Nelson Perez/Valor "Se um produto tem a mesma composição química de outro que já é liberado, não há necessidade de se fazer novos testes", argumenta Oliveira, da Aenda.
Reunidas na Associação Nacional de Defesa Vegetal (Andef), as múltis são contra a isenção de estudos de resíduos e de eficácia agronômica para os chamados produtos formulados, que são vendidos diretamente aos produtores, com base em produtos técnicos equivalentes, usados na mistura do produto final. Nos bastidores, as empresas argumentam já ter sido obrigadas a fazer os testes e que os concorrentes, sobretudo companhias chinesas, teriam vantagens competitivas com o aumento da oferta de produtos. A isenção reduziria, segundo o governo, em pelo menos um ano o prazo para fazer o chamado pré-registro dos produtos - os estudos são feitos em um safra para ser apresentados na outra. Procurada, a Andef não atendeu aos contatos da reportagem.

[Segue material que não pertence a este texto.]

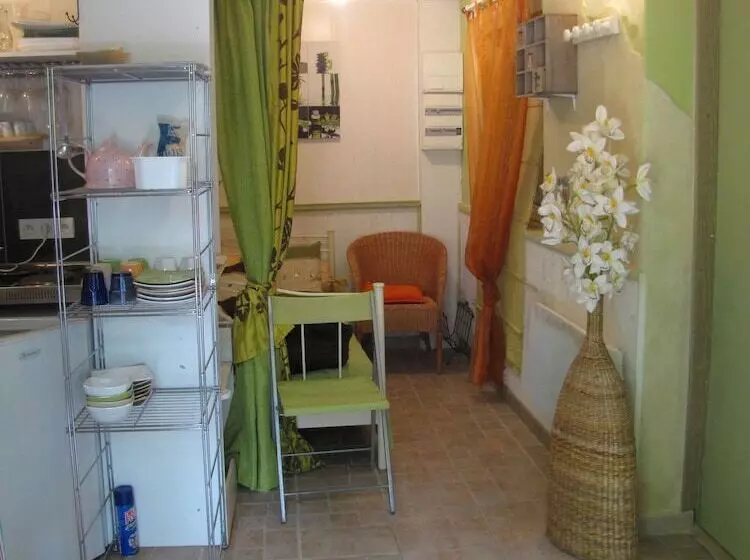 Hotelli La Grange Aux Fées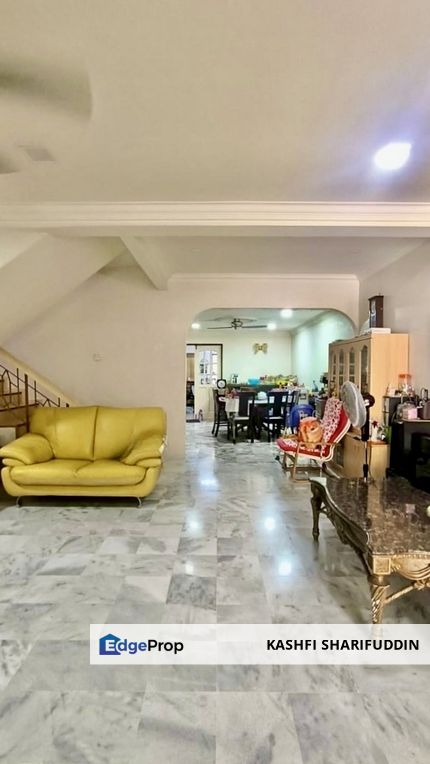 Cul-de-sac Area: Extended 2-Storey Terrace with Extra Parking, Selangor, Ampang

De outro lado, porém, a Confederação da Agricultura e Pecuária (CNA) e a Organização das Cooperativas Brasileiras (OCB) exigem a livre importação de produtos genéricos e a equivalência de registro de produtos do Mercosul para baixar os preços internos e reduzir custos de produção. Hoje, as empresas pagam até R$ 4 milhões ao longo do processo para registrar um novo produto. O novo decreto pode reduzir o custo para algo próximo de R$ 100 mil a R$ 200 mil, dependendo do número de culturas e alvos biológicos. "Mas se continuarem as filigranas e as
pegadinhas no texto do novo decreto de nada adiantará", diz Ricardo Cotta, superintendente técnico da CNA.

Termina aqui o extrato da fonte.